No. 151, September 2005

 

Editorial

Welcome to September’s Harriers Herald.  The Harriers headline this month is Lucy’s fine performance in the Ridgeway Challenge.  She completed the 86.5-mile course in a time of around 23 hours as the second-placed lady.  Lucy hopes to share her experiences in next month’s Herald.  We begin this issue with Thursday night schedules and Secretary’s correspondence.  Then there are a few words about the Ridgeway Challenge from a helper’s point-of-view, followed by results of the Handicap Race.  Mo’s Website report features the London Marathon website, and his Fixtures article covers a wide range of races through the months of September, October and November.

 

Sue

 

Thursday night schedule for September

Thurs    1st                    Pete to lead

Thurs    8th                    Mo to lead

Thurs    15th                  Sue to lead

Thurs    22nd                  Marie to lead

Thurs    29th                  Martin to lead

 

Thursday night schedule for October

Thurs    6th                    Dick to lead

Thurs    13th                  Handicap Race

Thurs    20th                  Philomena to lead

Thurs    27th                  Susanne to lead

 

Correspondence received by Secretary

Abbreviations:  BCAA = Berkshire County Athletic Association; SEAA = South of England Athletic Association; AAA = Amateur Athletic Association of England; UKA = UK Athletics

 

Correspondence received

Sender

Subject matter

Action

SEAA

Info.
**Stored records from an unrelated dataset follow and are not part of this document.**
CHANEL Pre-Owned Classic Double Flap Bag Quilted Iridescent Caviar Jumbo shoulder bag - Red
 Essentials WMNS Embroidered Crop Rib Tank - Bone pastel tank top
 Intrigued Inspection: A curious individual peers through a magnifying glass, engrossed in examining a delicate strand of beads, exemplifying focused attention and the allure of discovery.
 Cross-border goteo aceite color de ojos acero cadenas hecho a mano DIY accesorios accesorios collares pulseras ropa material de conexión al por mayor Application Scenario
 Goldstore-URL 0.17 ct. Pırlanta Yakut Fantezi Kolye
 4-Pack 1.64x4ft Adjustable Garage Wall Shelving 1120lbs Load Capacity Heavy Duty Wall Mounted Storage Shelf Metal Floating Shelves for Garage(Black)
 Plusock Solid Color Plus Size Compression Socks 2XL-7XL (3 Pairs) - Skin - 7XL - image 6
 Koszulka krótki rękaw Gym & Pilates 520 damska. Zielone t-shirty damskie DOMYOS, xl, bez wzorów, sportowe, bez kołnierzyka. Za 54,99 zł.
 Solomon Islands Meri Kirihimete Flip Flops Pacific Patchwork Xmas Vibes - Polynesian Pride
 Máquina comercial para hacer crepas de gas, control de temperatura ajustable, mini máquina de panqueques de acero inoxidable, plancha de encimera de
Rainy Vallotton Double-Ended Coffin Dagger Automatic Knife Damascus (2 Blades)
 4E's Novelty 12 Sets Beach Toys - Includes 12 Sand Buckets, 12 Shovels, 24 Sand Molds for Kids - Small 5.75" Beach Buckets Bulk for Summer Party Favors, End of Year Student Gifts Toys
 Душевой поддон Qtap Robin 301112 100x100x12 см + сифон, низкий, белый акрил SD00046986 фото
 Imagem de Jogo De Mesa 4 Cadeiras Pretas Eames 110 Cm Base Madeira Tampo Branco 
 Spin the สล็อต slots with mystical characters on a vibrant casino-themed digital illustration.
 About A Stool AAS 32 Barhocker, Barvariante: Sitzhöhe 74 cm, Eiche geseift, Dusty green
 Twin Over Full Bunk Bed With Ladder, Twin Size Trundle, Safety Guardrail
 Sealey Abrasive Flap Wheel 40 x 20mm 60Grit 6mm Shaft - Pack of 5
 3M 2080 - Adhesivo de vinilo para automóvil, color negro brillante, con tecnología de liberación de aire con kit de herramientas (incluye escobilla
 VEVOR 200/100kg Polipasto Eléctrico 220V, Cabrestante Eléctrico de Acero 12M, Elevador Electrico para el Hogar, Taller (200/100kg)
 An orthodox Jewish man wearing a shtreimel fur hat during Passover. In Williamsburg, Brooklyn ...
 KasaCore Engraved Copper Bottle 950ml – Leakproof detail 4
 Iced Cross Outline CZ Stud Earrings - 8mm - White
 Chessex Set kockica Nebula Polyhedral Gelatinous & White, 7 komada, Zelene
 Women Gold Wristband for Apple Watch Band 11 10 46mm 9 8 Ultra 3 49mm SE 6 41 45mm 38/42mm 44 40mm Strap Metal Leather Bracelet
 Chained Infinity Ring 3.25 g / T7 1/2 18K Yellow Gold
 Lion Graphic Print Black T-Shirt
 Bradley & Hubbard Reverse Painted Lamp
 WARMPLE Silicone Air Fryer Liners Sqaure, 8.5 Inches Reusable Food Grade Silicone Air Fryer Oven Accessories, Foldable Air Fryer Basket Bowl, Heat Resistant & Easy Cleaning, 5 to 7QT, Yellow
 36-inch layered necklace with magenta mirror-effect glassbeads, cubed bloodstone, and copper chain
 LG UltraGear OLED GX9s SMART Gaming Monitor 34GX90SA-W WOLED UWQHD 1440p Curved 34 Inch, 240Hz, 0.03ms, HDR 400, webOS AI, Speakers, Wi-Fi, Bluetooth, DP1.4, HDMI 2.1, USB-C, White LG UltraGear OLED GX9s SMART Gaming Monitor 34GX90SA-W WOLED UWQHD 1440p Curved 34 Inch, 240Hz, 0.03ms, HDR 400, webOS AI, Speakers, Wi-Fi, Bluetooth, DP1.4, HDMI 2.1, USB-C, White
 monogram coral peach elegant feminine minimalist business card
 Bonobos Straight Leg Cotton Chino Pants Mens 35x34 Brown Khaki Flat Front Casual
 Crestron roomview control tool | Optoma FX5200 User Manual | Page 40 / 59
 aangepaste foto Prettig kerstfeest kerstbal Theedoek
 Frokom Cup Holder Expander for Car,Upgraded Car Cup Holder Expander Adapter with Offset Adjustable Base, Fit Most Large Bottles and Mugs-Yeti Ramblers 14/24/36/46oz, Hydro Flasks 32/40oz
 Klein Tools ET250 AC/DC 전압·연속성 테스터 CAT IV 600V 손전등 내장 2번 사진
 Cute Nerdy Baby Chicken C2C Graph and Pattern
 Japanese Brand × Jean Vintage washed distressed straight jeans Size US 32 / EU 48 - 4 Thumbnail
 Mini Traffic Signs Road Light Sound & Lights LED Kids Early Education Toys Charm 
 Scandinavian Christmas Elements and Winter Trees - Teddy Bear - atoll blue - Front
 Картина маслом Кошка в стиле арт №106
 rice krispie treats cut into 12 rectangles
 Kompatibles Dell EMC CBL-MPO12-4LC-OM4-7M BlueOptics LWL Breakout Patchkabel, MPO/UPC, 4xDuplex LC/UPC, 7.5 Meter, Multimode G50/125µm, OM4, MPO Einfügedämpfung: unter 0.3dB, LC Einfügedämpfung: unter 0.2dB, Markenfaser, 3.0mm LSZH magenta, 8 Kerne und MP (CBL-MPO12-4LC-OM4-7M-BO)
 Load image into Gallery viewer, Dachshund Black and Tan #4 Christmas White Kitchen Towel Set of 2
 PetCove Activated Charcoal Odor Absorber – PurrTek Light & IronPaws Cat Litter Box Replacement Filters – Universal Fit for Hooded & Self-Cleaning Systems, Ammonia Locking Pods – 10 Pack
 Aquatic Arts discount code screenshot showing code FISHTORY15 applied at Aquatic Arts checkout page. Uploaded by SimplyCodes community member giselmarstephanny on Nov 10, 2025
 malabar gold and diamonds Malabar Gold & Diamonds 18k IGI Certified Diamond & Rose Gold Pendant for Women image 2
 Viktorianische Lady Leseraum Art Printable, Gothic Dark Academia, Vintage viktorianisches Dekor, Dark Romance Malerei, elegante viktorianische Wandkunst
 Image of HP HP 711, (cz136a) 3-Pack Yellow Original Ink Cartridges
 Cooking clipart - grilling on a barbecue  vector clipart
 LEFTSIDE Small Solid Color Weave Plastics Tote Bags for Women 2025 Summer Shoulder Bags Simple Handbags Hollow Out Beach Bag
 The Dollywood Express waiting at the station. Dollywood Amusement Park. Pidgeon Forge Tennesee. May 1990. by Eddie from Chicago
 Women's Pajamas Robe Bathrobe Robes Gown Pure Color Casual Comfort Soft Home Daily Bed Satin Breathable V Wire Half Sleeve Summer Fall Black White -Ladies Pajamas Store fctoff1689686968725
Update #31; Athletics Development Update #35; Aldershot Road Relays entry forms

File

UKA

Coaching conferences for sprints & jumps

Bin

Chris Benning (AAA)

Club information questionnaire; Regional development programme; coaching courses; British Milers Club courses

Questionnaire returned

File

UKA

Renewal of coaches licences

Bin

 


Ridgeway Challenge (86.5M) 27/28 August

Sue

 

The second Ridgeway 86.5M Challenge took place over the weekend of 27th and 28th August with about 35 competitors starting their journey at Ivinghoe Beacon on the Saturday morning, then making their way along the Ridgeway to its end-point near Marlborough.  There were around 10 checkpoints on the route, and Mo, Tom and I manned the Goring Village Hall checkpoint (about halfway), where we provided hot drinks and meals for runners and their support crews.  The pasties and doughnuts, provided by a bakery manager who was manning one of the other checkpoints, proved very popular and we were kept pretty busy from 19:00 when the first competitor reached Goring, to 23:30 when the last competitor left.  Helping out was an enjoyable and rewarding experience, made all the more interesting because one of our own Harriers was taking part.  The highlight of the evening was the arrival of Lucy, who was in good spirits, managed a huge meal and looked in good form except for the slightly uncomfortable walk.  She left Goring just after 20:00, to head onwards into the night, and finished at around 9:00 the next morning in under 24 hours and being the second placed lady.

 

Handicap Race

Sue

 

            Jan returned to her post as timekeeper this month and, with nine of us taking part, there was plenty of action to keep her on her toes.  Kirsty, taking part in her first handicap race for almost two years, set off first with Mo.  However, she surprised herself and everyone else by recording a personal best time that gave her a winning margin of almost two minutes.  Phil took second spot, with Pete, Susanne, Me, Lucy and Dick following in close succession.  Martin wasn’t quite up to his usual speed as he was nursing a knee injury (apparently caused when Lucy pushed him off a cliff in the Lake District), but did well to finish just outside the 12-minute mark.  Mo, also still recovering from injury was pleased to get round with no ill effects.  Well done Kirsty, and thanks to Jan for timing.  The next Handicap Race is scheduled for 13th October: if the majority are in favour of a monthly Winter Handicap Series (as previously), then the October race will be the first one of the series.

 

Pos

Name

Start time

Finish time

Actual time

Handicap Beaten?

1

Kirsty

0:05

14:57

14:52

New Runner

2

Philomena

1:47

16:41

14:54

-0:19

3

Peter

3:34

16:51

13:17

-0:09

4

Susanne

4:10

16:52

12:42

-0:08

5

Sue

5:20

17:03

11:43

+0:03

6

Lucy

3:20

17:11

13:51

+0:11

7

Dick

4:02

17:17

13:15

+0:17

8

Martin

5:46

17:52

12:06

+0:52

9

Mo

0:05

18:17

18:12

+1:17

 

Website update… http://comptonharriers.cjb.net/

Mo

 

My first article this month relates to the Flora London Marathon and is a reminder that you have until October 21 to apply for a place in next year’s event.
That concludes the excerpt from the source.